Other methods may be e.g. thermal sprayed aluminum, assuming it does not change material properties, or epoxy paint with zinc powder. As for the sealing surfaces the general corrosion protection coating shall be applied without heat effects that compromise the material properties or the basis for fatigue calculations according to B1 and the HS curves. Corrosion protection does not eliminate corrosion of the base material completely, but the anode material of the different corrosion protection coatings reduces the corrosion rate of the base material to a very low level.

The reduction of the wall thickness of the base material is by applying corrosion protection ignorable during the life-cycle of the product.

The combination of “a-g” and “h” ensures fatigue calculations according to the B1 CP curve. The effect considering same load, outer diameter and wall thickness is a minimum improvement of 5 times increased fatigue life. By taking into account the possibilities of increased wall thickness and outer diameter as offered according to “j” by use of forgings the fatigue life can be improved by a factor of typical 50 times. The reason for this is that for the same load giving a stress range of 300 MPa it would be possible to enter the stress range at 150 MPa due to increased section modulus. By introducing “i” the fatigue life can be calculated according to a HS CP curve. The effect considering same load, outer diameter and wall thickness is a minimum improvement of 74 times increased fatigue life. By taking into account the possibilities of increased wall thickness and outer diameter as offered by use of forgings the fatigue life can be improved by a factor of approximately 3000 times. By such improvement fatigue damage as a risk element is eliminated. The benefit can be utilized by increasing the stress range. That implies possibilities for drilling and completion in rougher weather conditions thereby reducing the number of days with waiting on weather.

It should be pointed out that some increase the fatigue life can be obtained by applying general corrosion resistant coating onto prior art conductor string and the surface string joints. The fatigue life of prior art can then be calculated according to the C1 CP curve that increases the fatigue life marginally in the region above 100 MPa stress range. The invention may therefore also include general corrosion protection of prior art technology.
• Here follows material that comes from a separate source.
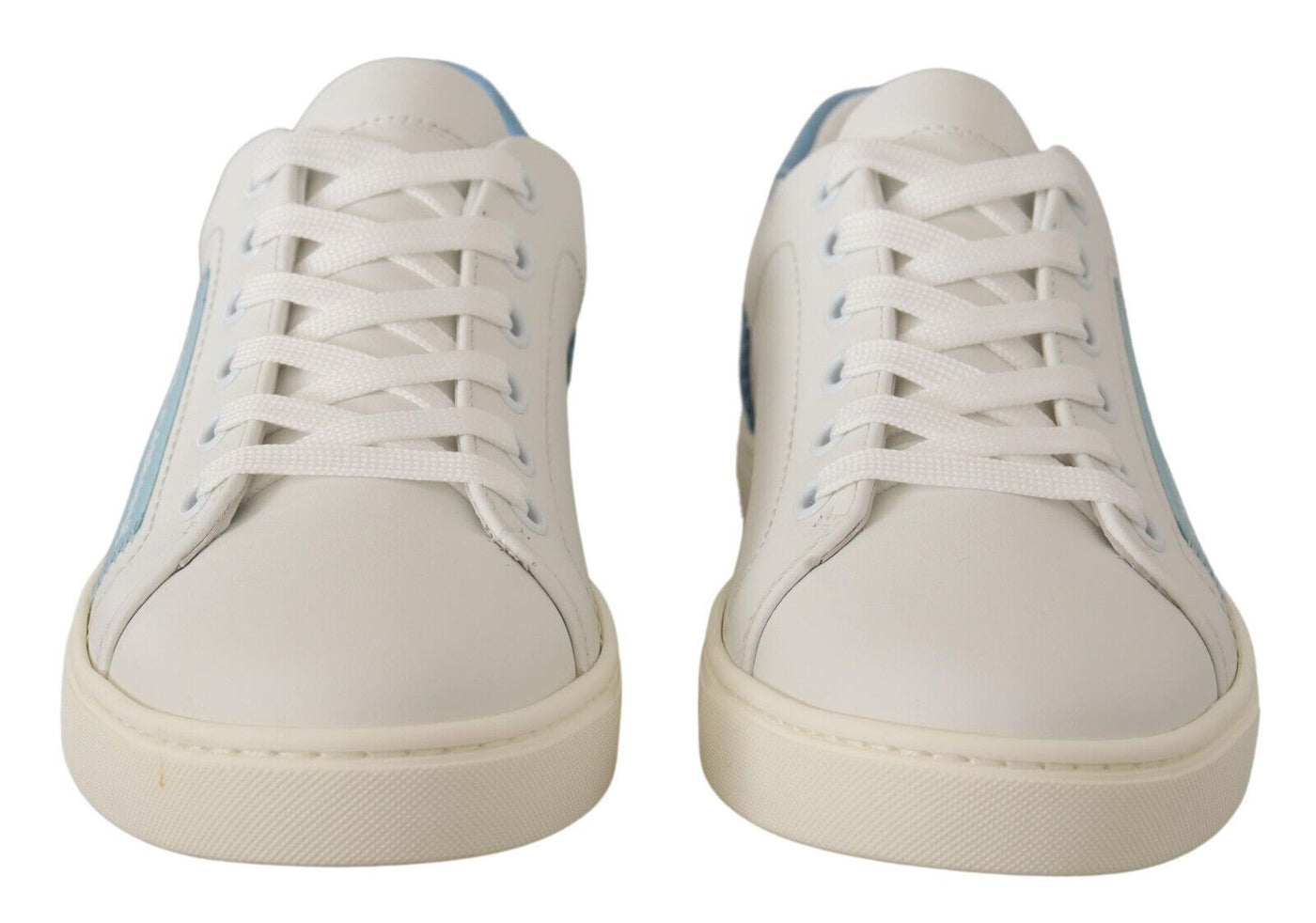 White Blue Leather Low Top Sneakers Shoes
The non-welded design and fabrication method can be applied to any suppliers portfolio. The interfaces will not be influenced hence existing running tools, casing hangers and annulus seals can be used as is. The external locking profile for the BOP and XT connector may also remain unchained. The invention is also compatible with increased loads transferred to the surface string upper joint by high capacity BOP and XT connectors. High capacity connectors can transfer higher loads and expose the wellhead for higher bending moments from the riser via the external locking profiles than typical connectors used today are capable of.

The present invention makes it possible to progress to a one-design-will-fit-all application. It will be possible to machine wellhead joints to stock for immediate delivery. The benefits of short lead time are obvious and include a competitive advantage (potential for increased market share), advantages for customers (simplifies customers planning), increased customer flexibility and better utilization of drilling rigs, and ultimately lower operational costs for the operator.